Home Affairs Commissioner Cecilia Malmstroem has said the EU can "no longer watch on without acting" as 1,000 Europeans are killed in gun violence each year. She is proposing unified, stricter rules for the whole bloc.
Cecilia Malmstroem wrote a guest column for the Monday edition of the Frankfurter Rundschau daily, saying the EU must act to limit the number of deaths from gun violence.
The EU's home affairs commissioner wrote that one problem with the open-border bloc was "the danger that criminals try to get hold of their guns in the countries with the most lax laws" on gun ownership.
Malmstroem therefore proposed that the European Commission should examine "whether it's possible for all of Europe to legally decide which weapons should be permitted for civilian usage, and who should be granted permission to acquire a firearm."
The European Commission has pledged a report on firearms and internal security, with the German daily Die Welt reporting on Monday that it had obtained a copy.
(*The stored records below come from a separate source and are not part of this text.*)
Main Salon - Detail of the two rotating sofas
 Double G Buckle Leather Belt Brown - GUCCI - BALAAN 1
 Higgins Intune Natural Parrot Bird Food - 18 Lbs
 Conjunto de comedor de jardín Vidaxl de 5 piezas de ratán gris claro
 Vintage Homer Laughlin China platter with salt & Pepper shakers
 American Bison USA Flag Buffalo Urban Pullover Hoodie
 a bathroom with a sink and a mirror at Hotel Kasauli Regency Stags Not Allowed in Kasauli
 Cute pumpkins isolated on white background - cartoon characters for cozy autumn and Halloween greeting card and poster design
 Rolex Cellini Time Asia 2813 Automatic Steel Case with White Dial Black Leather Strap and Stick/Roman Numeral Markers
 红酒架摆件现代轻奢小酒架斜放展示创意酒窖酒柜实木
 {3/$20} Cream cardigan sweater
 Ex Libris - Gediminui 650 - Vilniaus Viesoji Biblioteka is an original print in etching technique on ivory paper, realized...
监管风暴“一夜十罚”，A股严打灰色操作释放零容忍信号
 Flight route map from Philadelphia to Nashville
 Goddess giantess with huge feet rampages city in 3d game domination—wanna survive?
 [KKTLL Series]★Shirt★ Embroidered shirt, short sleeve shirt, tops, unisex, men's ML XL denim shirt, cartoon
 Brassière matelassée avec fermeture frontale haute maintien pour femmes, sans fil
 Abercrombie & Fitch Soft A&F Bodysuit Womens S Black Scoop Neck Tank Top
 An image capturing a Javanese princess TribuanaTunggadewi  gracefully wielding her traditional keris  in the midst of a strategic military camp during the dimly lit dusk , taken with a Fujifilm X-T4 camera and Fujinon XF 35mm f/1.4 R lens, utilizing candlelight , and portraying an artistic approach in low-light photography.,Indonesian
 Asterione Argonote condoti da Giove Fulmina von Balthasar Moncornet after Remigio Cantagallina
Malmstroem was due to present the findings to EU interior ministers in Luxembourg on Monday.
The report estimates there to be around 80 million legally-purchased and licensed firearms in the European Union - and a further 500,000 that are lost, stolen, or otherwise unaccounted for. Many of these are thought to be circulating on the black market.
The annual Small Arms Survey report in 2007 sought to estimate gun ownership per capita around the world. According to these results, Germany had 30.3 registered firearms for every 100 inhabitants – putting it above average in European Union terms, but behind countries like Finland (45.3), Cyprus (36.4) and Sweden (31.6). The US topped the global list by a considerable margin, averaging just under one gun per person, according to the research institute based in Switzerland.
Rule changes reportedly under European Commission consideration include revising which guns are eligible for home ownership, tighter regulations for the sale and ownership of antique weapons and air rifles or air pistols, and a possible ban on selling weapons or ammunition on the Internet.